Graham (1944), Leptonia serrulata: "On the ground in low, wet woods of elm, ash, etc., locally common, July-Sept., Wisconsin to New England, and Illinois."
Graham (1944), Eccilia atrides: "Solitary or gregarous [sic] on very rotten wood, not common, July-Aug., Minnesota to New York, mainly northern."
Hesler (1967), Entoloma serrulatum: "On soil, at times on moss-covered logs, North Carolina and Tennessee, June-September. . . . Many authors regard Eccilia atrides as a synonym of L. serrulata (E. serrulatum) and, with the evidence at hand, we are following this concept."
Smith, Smith & Weber (1979), Rhodophyllus serrulatus: "Solitary to gregarious on rich humus, in bogs, etc., widely distributed in North America, summer and fall, common but not in large numbers."

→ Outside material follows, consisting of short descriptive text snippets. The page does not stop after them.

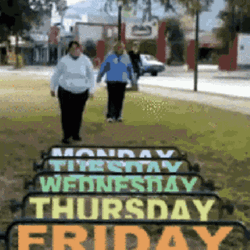 Tripping On Manic Monday GIF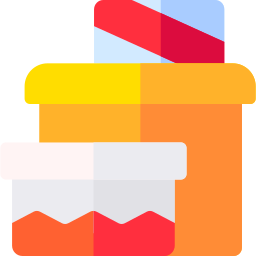 regalo de navidad icono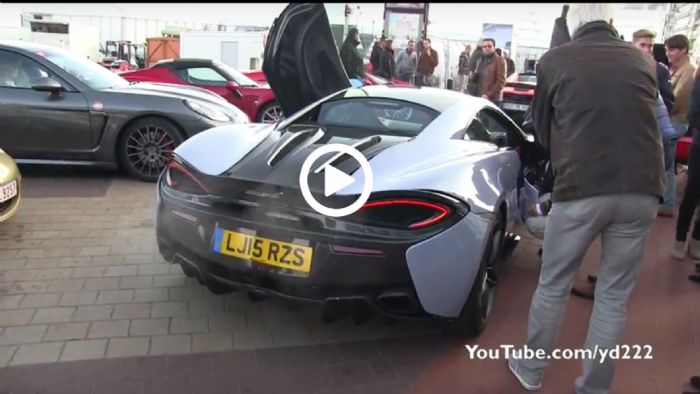 Η McLaren 570S βρυχάται! (video)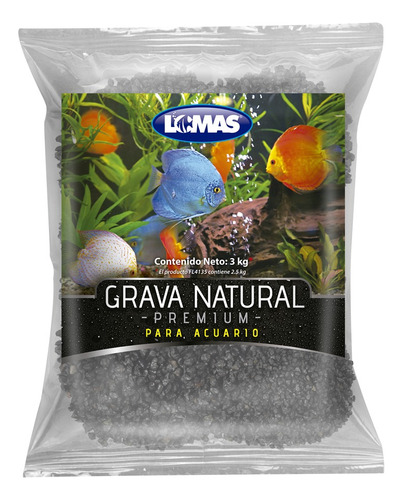 Grava Mármol Negro Obsidiana 3 Kg Grava Para Acuarios Lomas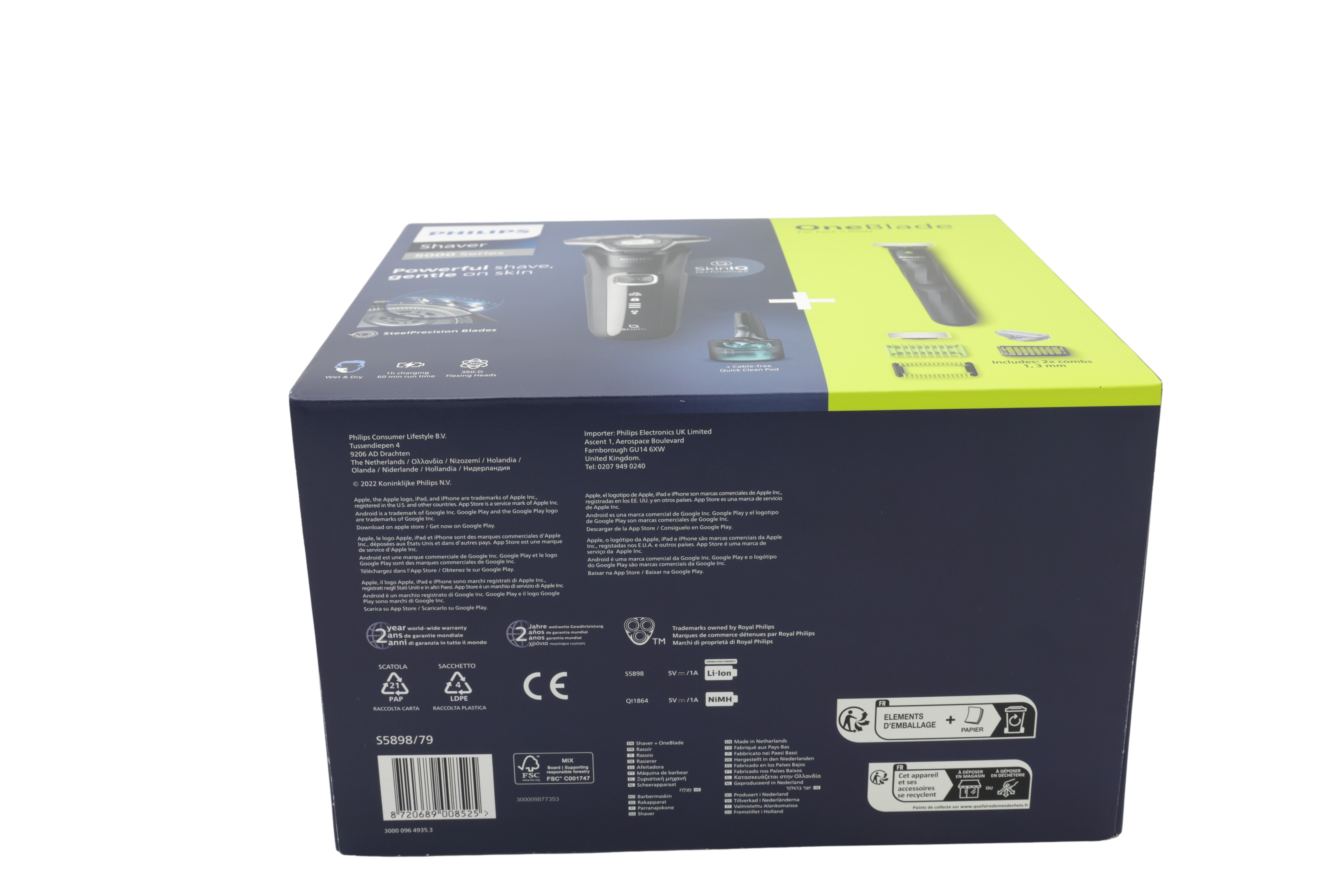 Philips Parranajokone Sarja 5000 S5898/79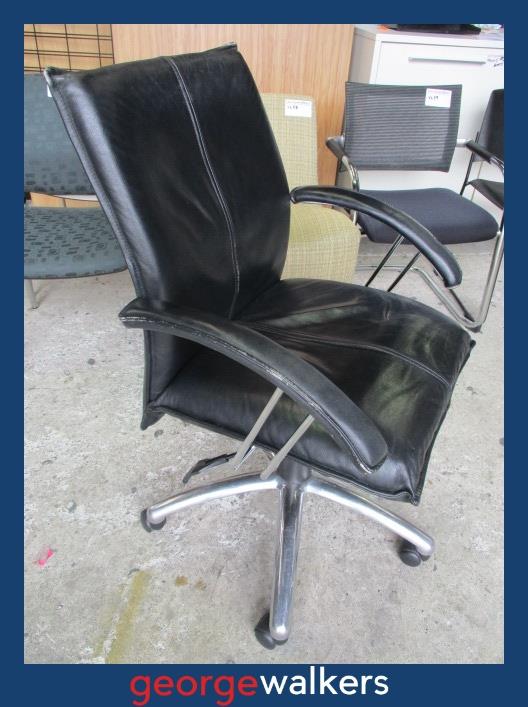VL61  Leather  Meeting Room Chair - George Walkers Office Furniture Megastore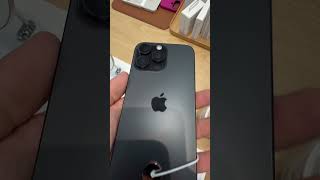 iPhone 16 Pro Max Black Color Up close in details view Apple [upl. by Buine633]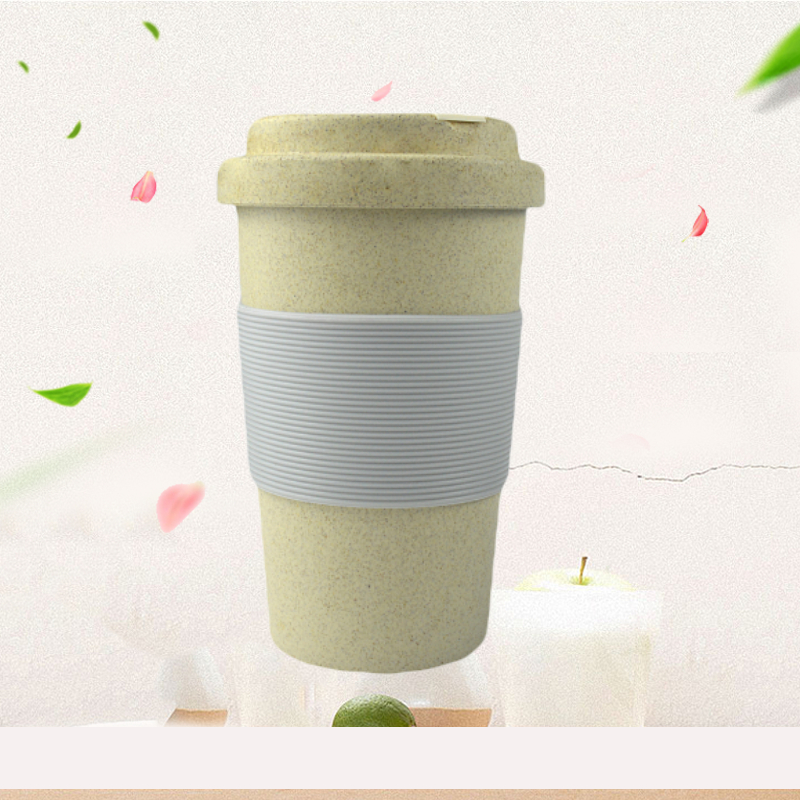 KHB02008—350ml带盖秸秆咖啡杯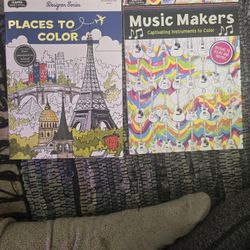 Adult Coloring Books & Gel Pens New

Lincoff (1992), Entoloma serrulatum: "June-September. Single to several, on the ground in rich humus or on moss-covered logs. Quebec to North Carolina; Midwest; Pacific NW.; Mexico. . . . This little blue mushroom is frequently encountered in wet summer woods."
Roody (2003), Leptonia serrulata: "Usually in small groups on the ground in woods and semi-open grassy areas, or sometimes on decaying moss-covered logs and stumps; saprobic; early summer-fall; occasional [in West Virginia]."
One thing to notice in these passages--though this is not my main point--is the way mushroom authors rely on one another's accounts, reiterating, editing, and/or augmenting information that has been previously reported. This is not necessarily a problem, but anyone who played the "telephone game" as a child knows what can happen when a story is passed around between narrators. See, for example, how a dubious and ancient story of Hygrocybe conica poisoning cases has been passed from author to author.
More importantly, however, notice the deterioration of ecological data between Kauffman's and Graham's fairly rigorous accounts of their personal collecting experience and Hesler's "[o]n soil, at times on moss-covered logs." Simultaneously, the accounting of microscopic features goes from a few words on spore shape and size in Kauffman and Graham to a rigorous, 74-word account of every determinable microscopic feature in Hesler. As I have argued many times in other places, this shift in emphasis may tell us more about the history of mycology than about the mushrooms. Hesler would have been laughed off of the mycological stage, in 1967, if he had not weighed microscopic features more heavily than anything else.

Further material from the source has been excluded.